Work to complete: What follows is a listing; repeat exactly, and only, its lines from the one holding "Loft Model Ahşap" through the last, leaving any pictures out.
------ Material provided ------
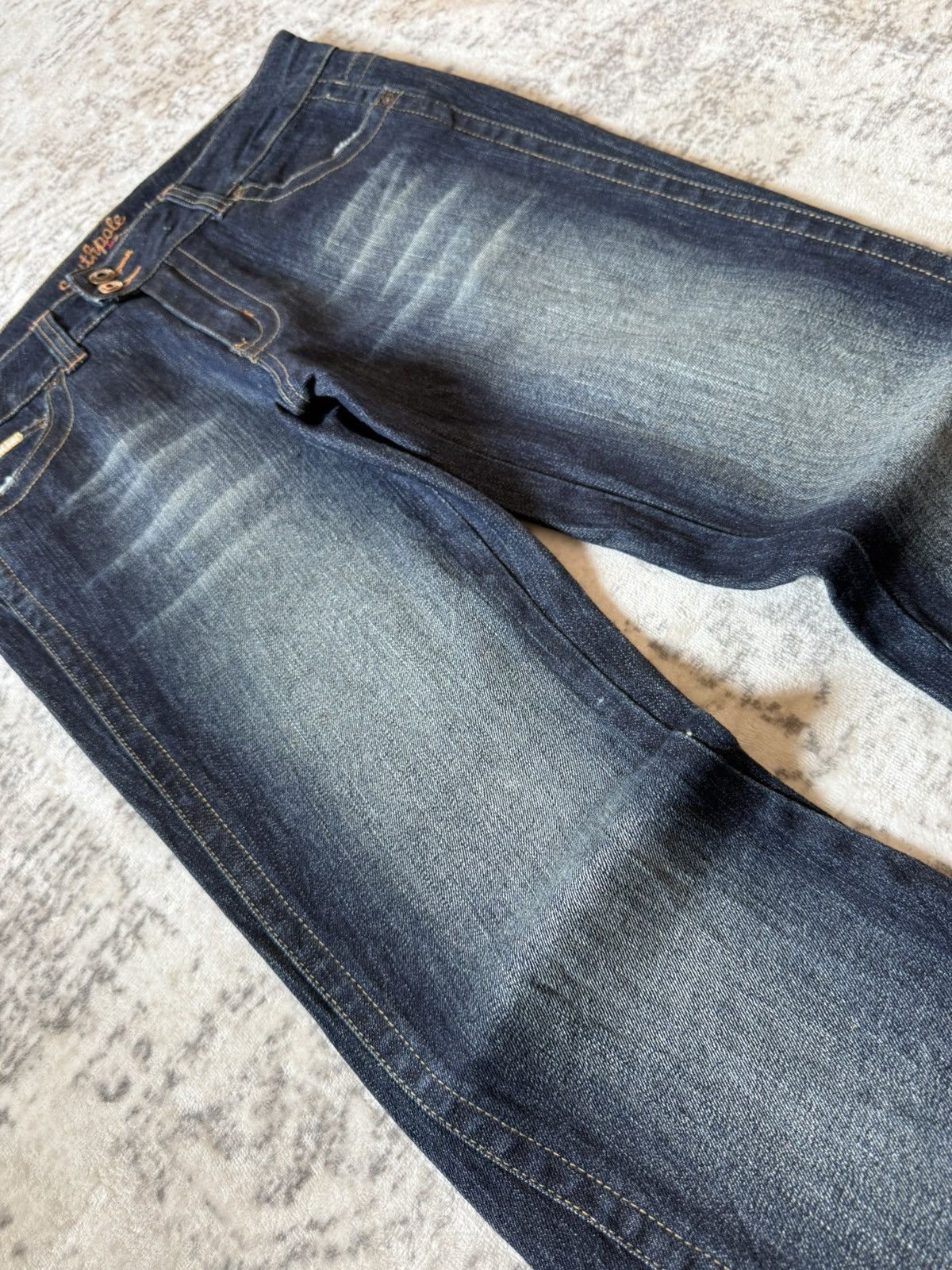 Southpole Vintage Southpole Dark Wash Spiral Flared Jeans Size US 30 / EU 46 - 5 Thumbnail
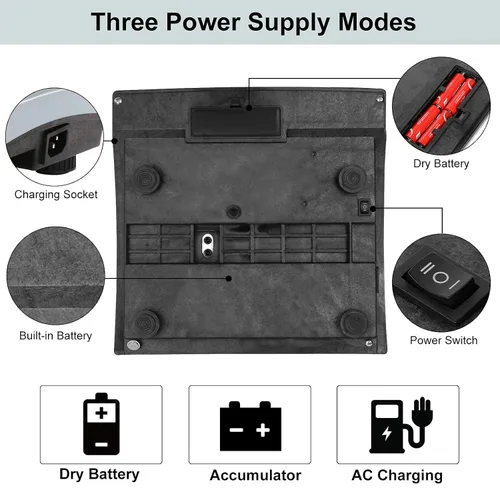 Vista 7 de Báscula de cálculo de precios de 66 lb/30 kg de doble LCD digital comercial con plataforma de acero inoxidable, báscula comercial recargable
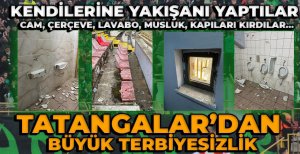 SAKARYASPOR TARAFTARINDAN BÜYÜK TERBİYESİZLİK... HER YERİ KIRIP DÖKTÜLER...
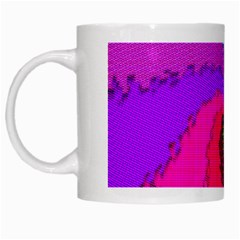 Art Abstract Pattern Color White Mugs by Nexatart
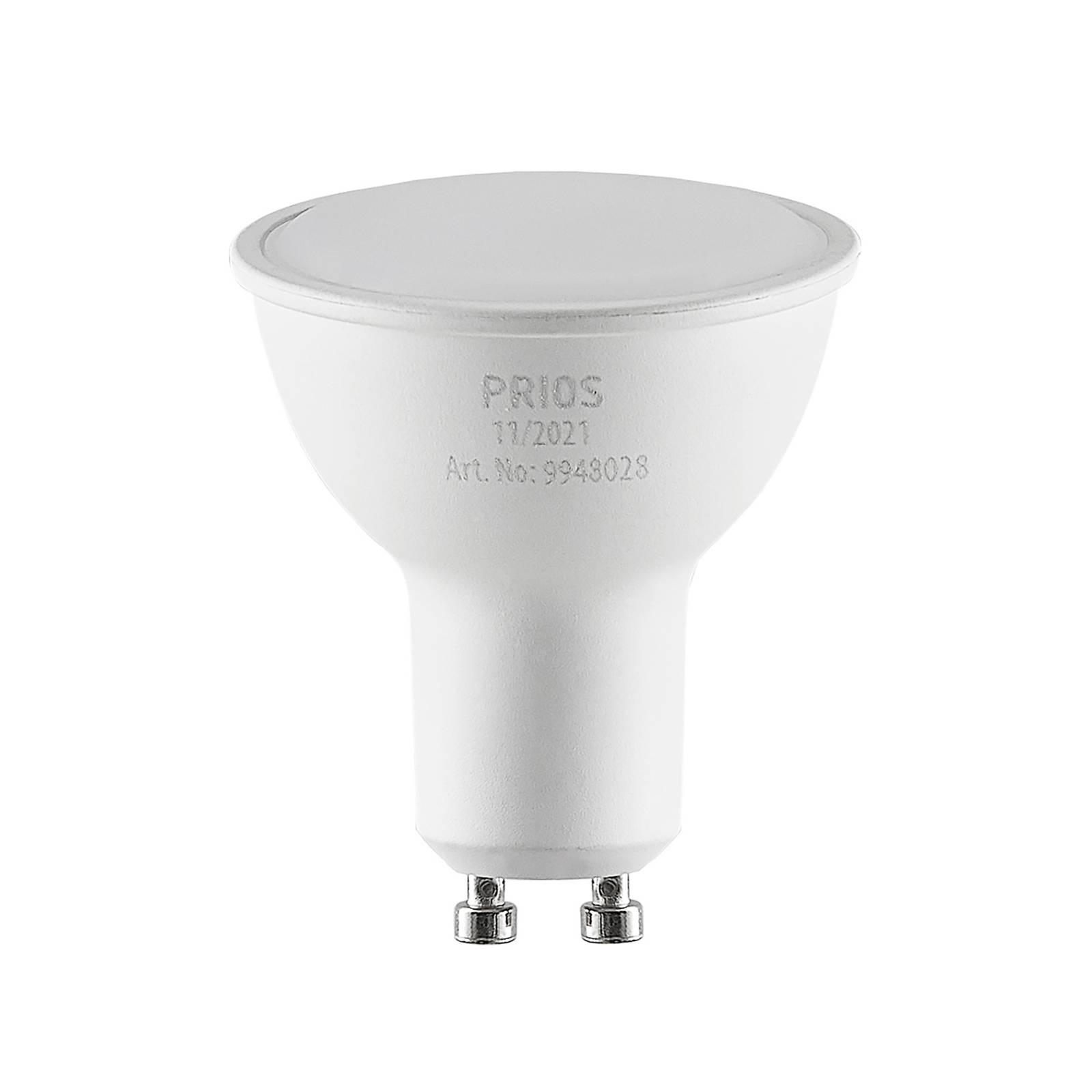 PRIOS LED-Reflektor GU10 5W 3.000K 120°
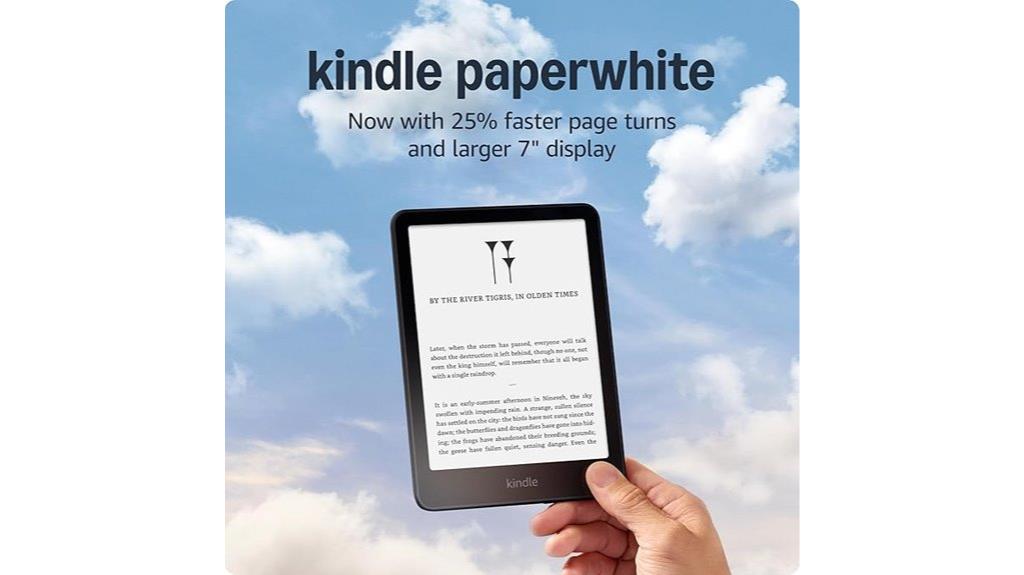 fastest kindle 7 glare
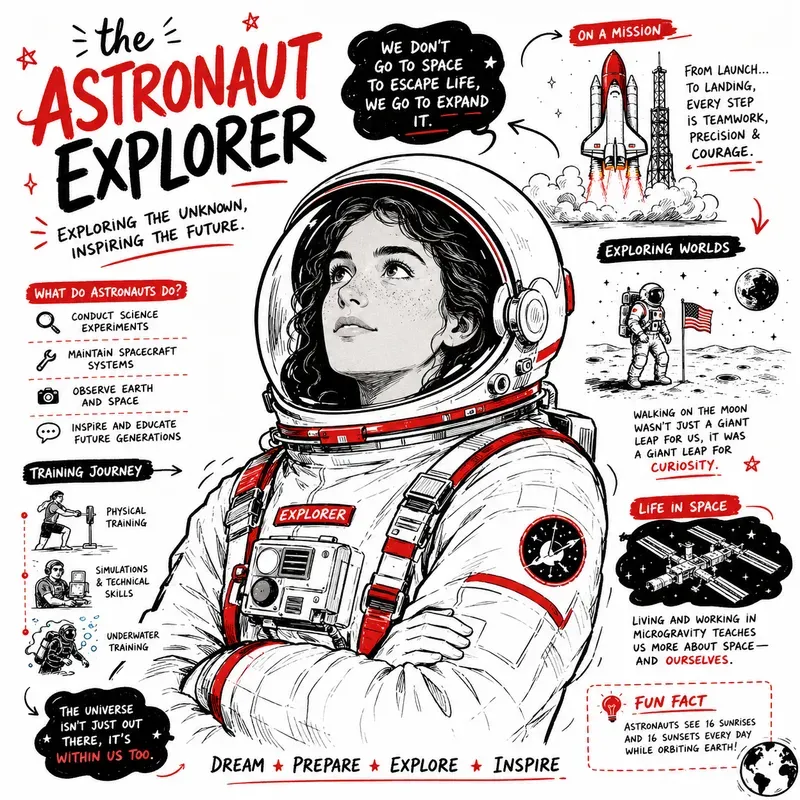 Bold Red Editorial Infographics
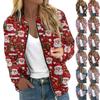 Women's Jacket Long Sleeve Lightweight Zipper Cropped Floral Printed Outerwear Casual Quilted Jacket With Pockets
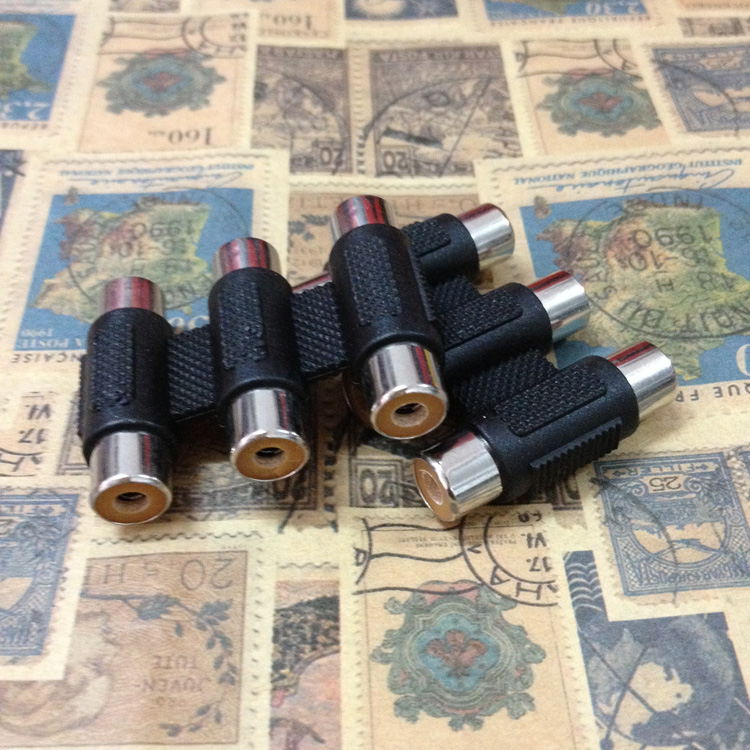 3-row Lotus female-to-female connector 6-bit AV-to-connector Audio and video Lotus 3-way connector RCA female straight-through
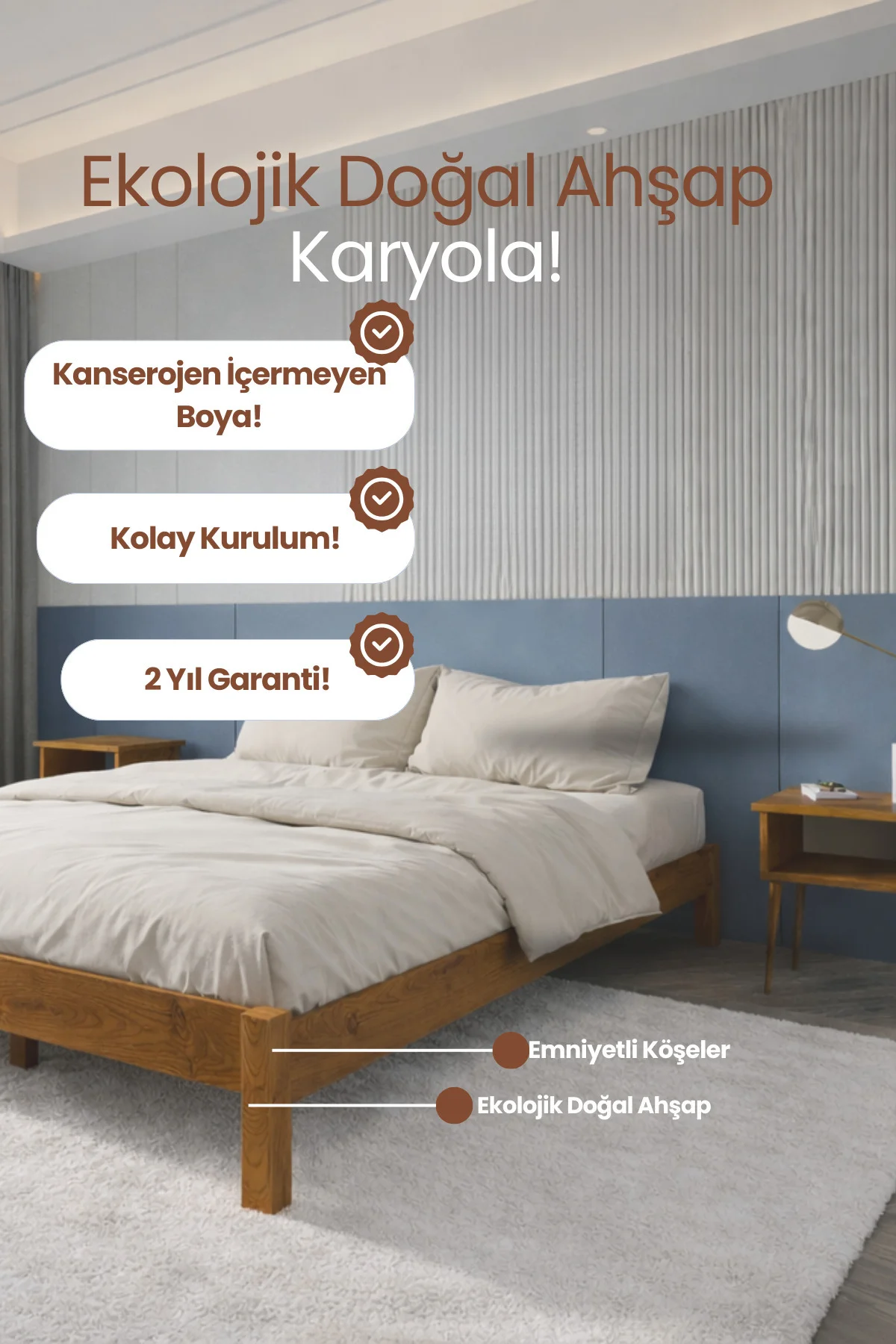 Loft Model Ahşap Karyola - Modern Minimalist Masif Ahşap Karyola Fiyatı, Yorumları ve Özellikleri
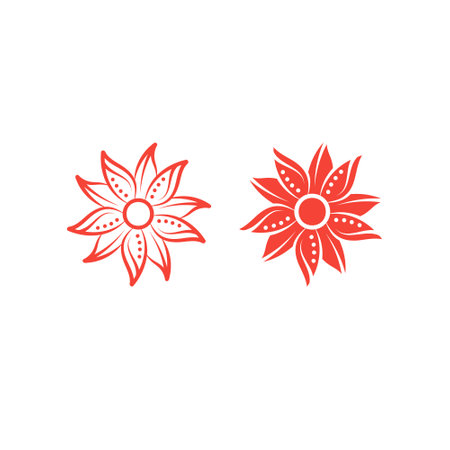 Flower icon flat vector illustrationのイラスト素材
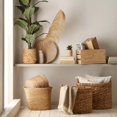 thumbnail image 3 of Bouclair Panier de Rangement en Fibre Naturelle Moyen, 3 of 7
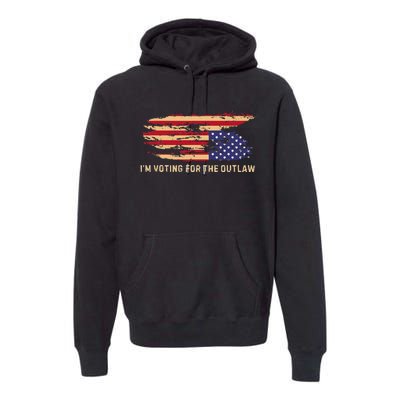 IM Voting For The Outlaw 2024 Cool Premium Hoodie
------
Solution to this problem:
 Loft Model Ahşap Karyola - Modern Minimalist Masif Ahşap Karyola Fiyatı, Yorumları ve Özellikleri
 Flower icon flat vector illustrationのイラスト素材
 thumbnail image 3 of Bouclair Panier de Rangement en Fibre Naturelle Moyen, 3 of 7
 IM Voting For The Outlaw 2024 Cool Premium Hoodie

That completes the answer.